**YOUR INSTRUCTIONS**
Your answer must be the listing, given again word for word.

---*---

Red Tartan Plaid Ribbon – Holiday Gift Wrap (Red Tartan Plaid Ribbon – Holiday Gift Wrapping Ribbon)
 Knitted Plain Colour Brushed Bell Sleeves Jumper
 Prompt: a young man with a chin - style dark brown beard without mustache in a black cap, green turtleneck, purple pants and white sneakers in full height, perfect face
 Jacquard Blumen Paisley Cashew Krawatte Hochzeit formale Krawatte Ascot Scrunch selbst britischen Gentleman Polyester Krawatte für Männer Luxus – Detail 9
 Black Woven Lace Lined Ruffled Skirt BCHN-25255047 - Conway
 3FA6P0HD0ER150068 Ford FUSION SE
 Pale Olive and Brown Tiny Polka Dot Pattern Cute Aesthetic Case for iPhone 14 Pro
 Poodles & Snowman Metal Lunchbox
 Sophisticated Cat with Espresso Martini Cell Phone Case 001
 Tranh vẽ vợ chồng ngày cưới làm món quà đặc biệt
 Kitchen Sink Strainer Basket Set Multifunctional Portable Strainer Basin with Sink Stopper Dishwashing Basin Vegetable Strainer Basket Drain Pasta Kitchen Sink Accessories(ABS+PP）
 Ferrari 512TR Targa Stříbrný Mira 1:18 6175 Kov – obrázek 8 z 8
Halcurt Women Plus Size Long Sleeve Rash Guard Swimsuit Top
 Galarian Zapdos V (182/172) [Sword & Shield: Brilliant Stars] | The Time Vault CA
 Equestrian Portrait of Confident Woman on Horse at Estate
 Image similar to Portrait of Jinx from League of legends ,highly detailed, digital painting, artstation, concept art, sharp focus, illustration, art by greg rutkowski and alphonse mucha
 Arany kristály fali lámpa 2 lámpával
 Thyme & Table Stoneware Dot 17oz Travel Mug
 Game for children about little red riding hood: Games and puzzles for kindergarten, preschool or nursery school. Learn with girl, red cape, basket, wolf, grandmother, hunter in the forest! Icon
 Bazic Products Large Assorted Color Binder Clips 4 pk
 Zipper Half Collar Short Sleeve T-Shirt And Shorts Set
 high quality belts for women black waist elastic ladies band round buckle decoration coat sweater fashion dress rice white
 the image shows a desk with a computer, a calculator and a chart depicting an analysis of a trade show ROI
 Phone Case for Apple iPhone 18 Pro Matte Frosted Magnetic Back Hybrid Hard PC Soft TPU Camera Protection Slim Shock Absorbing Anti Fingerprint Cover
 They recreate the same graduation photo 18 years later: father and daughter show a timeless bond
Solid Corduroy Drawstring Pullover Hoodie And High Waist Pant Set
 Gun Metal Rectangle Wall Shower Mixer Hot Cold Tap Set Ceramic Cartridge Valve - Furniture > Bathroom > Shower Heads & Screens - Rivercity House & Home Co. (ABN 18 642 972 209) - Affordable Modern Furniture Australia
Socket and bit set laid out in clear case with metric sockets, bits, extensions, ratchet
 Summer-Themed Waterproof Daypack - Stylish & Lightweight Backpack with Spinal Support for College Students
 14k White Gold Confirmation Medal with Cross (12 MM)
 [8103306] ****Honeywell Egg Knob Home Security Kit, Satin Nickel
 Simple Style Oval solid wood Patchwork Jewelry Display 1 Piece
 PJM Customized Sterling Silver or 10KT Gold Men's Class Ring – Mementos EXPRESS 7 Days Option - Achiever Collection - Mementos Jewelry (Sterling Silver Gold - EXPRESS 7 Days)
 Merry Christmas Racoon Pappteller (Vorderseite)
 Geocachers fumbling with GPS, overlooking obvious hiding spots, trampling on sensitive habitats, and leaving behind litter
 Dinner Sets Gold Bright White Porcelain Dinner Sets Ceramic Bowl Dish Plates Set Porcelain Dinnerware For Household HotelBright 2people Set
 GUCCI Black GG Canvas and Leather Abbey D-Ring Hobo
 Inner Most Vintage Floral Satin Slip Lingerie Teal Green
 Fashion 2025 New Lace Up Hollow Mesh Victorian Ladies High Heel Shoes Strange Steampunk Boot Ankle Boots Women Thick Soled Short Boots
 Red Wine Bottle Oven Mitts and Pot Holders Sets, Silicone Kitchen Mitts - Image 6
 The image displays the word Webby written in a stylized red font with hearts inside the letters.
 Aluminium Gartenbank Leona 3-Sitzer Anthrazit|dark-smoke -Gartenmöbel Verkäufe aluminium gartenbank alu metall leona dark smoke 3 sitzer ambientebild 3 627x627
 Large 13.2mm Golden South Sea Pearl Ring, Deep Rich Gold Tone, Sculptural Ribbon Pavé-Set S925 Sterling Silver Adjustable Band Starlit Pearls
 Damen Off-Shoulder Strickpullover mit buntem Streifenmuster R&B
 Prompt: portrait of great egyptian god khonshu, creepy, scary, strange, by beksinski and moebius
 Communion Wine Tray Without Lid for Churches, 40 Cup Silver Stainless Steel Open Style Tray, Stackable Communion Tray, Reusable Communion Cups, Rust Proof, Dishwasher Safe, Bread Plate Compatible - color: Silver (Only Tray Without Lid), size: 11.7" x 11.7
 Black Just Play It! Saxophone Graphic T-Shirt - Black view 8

---*---

**WORKED SOLUTION**
Red Tartan Plaid Ribbon – Holiday Gift Wrap (Red Tartan Plaid Ribbon – Holiday Gift Wrapping Ribbon)
 Knitted Plain Colour Brushed Bell Sleeves Jumper
 Prompt: a young man with a chin - style dark brown beard without mustache in a black cap, green turtleneck, purple pants and white sneakers in full height, perfect face
 Jacquard Blumen Paisley Cashew Krawatte Hochzeit formale Krawatte Ascot Scrunch selbst britischen Gentleman Polyester Krawatte für Männer Luxus – Detail 9
 Black Woven Lace Lined Ruffled Skirt BCHN-25255047 - Conway
 3FA6P0HD0ER150068 Ford FUSION SE
 Pale Olive and Brown Tiny Polka Dot Pattern Cute Aesthetic Case for iPhone 14 Pro
 Poodles & Snowman Metal Lunchbox
 Sophisticated Cat with Espresso Martini Cell Phone Case 001
 Tranh vẽ vợ chồng ngày cưới làm món quà đặc biệt
 Kitchen Sink Strainer Basket Set Multifunctional Portable Strainer Basin with Sink Stopper Dishwashing Basin Vegetable Strainer Basket Drain Pasta Kitchen Sink Accessories(ABS+PP）
 Ferrari 512TR Targa Stříbrný Mira 1:18 6175 Kov – obrázek 8 z 8
Halcurt Women Plus Size Long Sleeve Rash Guard Swimsuit Top
 Galarian Zapdos V (182/172) [Sword & Shield: Brilliant Stars] | The Time Vault CA
 Equestrian Portrait of Confident Woman on Horse at Estate
 Image similar to Portrait of Jinx from League of legends ,highly detailed, digital painting, artstation, concept art, sharp focus, illustration, art by greg rutkowski and alphonse mucha
 Arany kristály fali lámpa 2 lámpával
 Thyme & Table Stoneware Dot 17oz Travel Mug
 Game for children about little red riding hood: Games and puzzles for kindergarten, preschool or nursery school. Learn with girl, red cape, basket, wolf, grandmother, hunter in the forest! Icon
 Bazic Products Large Assorted Color Binder Clips 4 pk
 Zipper Half Collar Short Sleeve T-Shirt And Shorts Set
 high quality belts for women black waist elastic ladies band round buckle decoration coat sweater fashion dress rice white
 the image shows a desk with a computer, a calculator and a chart depicting an analysis of a trade show ROI
 Phone Case for Apple iPhone 18 Pro Matte Frosted Magnetic Back Hybrid Hard PC Soft TPU Camera Protection Slim Shock Absorbing Anti Fingerprint Cover
 They recreate the same graduation photo 18 years later: father and daughter show a timeless bond
Solid Corduroy Drawstring Pullover Hoodie And High Waist Pant Set
 Gun Metal Rectangle Wall Shower Mixer Hot Cold Tap Set Ceramic Cartridge Valve - Furniture > Bathroom > Shower Heads & Screens - Rivercity House & Home Co. (ABN 18 642 972 209) - Affordable Modern Furniture Australia
Socket and bit set laid out in clear case with metric sockets, bits, extensions, ratchet
 Summer-Themed Waterproof Daypack - Stylish & Lightweight Backpack with Spinal Support for College Students
 14k White Gold Confirmation Medal with Cross (12 MM)
 [8103306] ****Honeywell Egg Knob Home Security Kit, Satin Nickel
 Simple Style Oval solid wood Patchwork Jewelry Display 1 Piece
 PJM Customized Sterling Silver or 10KT Gold Men's Class Ring – Mementos EXPRESS 7 Days Option - Achiever Collection - Mementos Jewelry (Sterling Silver Gold - EXPRESS 7 Days)
 Merry Christmas Racoon Pappteller (Vorderseite)
 Geocachers fumbling with GPS, overlooking obvious hiding spots, trampling on sensitive habitats, and leaving behind litter
 Dinner Sets Gold Bright White Porcelain Dinner Sets Ceramic Bowl Dish Plates Set Porcelain Dinnerware For Household HotelBright 2people Set
 GUCCI Black GG Canvas and Leather Abbey D-Ring Hobo
 Inner Most Vintage Floral Satin Slip Lingerie Teal Green
 Fashion 2025 New Lace Up Hollow Mesh Victorian Ladies High Heel Shoes Strange Steampunk Boot Ankle Boots Women Thick Soled Short Boots
 Red Wine Bottle Oven Mitts and Pot Holders Sets, Silicone Kitchen Mitts - Image 6
 The image displays the word Webby written in a stylized red font with hearts inside the letters.
 Aluminium Gartenbank Leona 3-Sitzer Anthrazit|dark-smoke -Gartenmöbel Verkäufe aluminium gartenbank alu metall leona dark smoke 3 sitzer ambientebild 3 627x627
 Large 13.2mm Golden South Sea Pearl Ring, Deep Rich Gold Tone, Sculptural Ribbon Pavé-Set S925 Sterling Silver Adjustable Band Starlit Pearls
 Damen Off-Shoulder Strickpullover mit buntem Streifenmuster R&B
 Prompt: portrait of great egyptian god khonshu, creepy, scary, strange, by beksinski and moebius
 Communion Wine Tray Without Lid for Churches, 40 Cup Silver Stainless Steel Open Style Tray, Stackable Communion Tray, Reusable Communion Cups, Rust Proof, Dishwasher Safe, Bread Plate Compatible - color: Silver (Only Tray Without Lid), size: 11.7" x 11.7
 Black Just Play It! Saxophone Graphic T-Shirt - Black view 8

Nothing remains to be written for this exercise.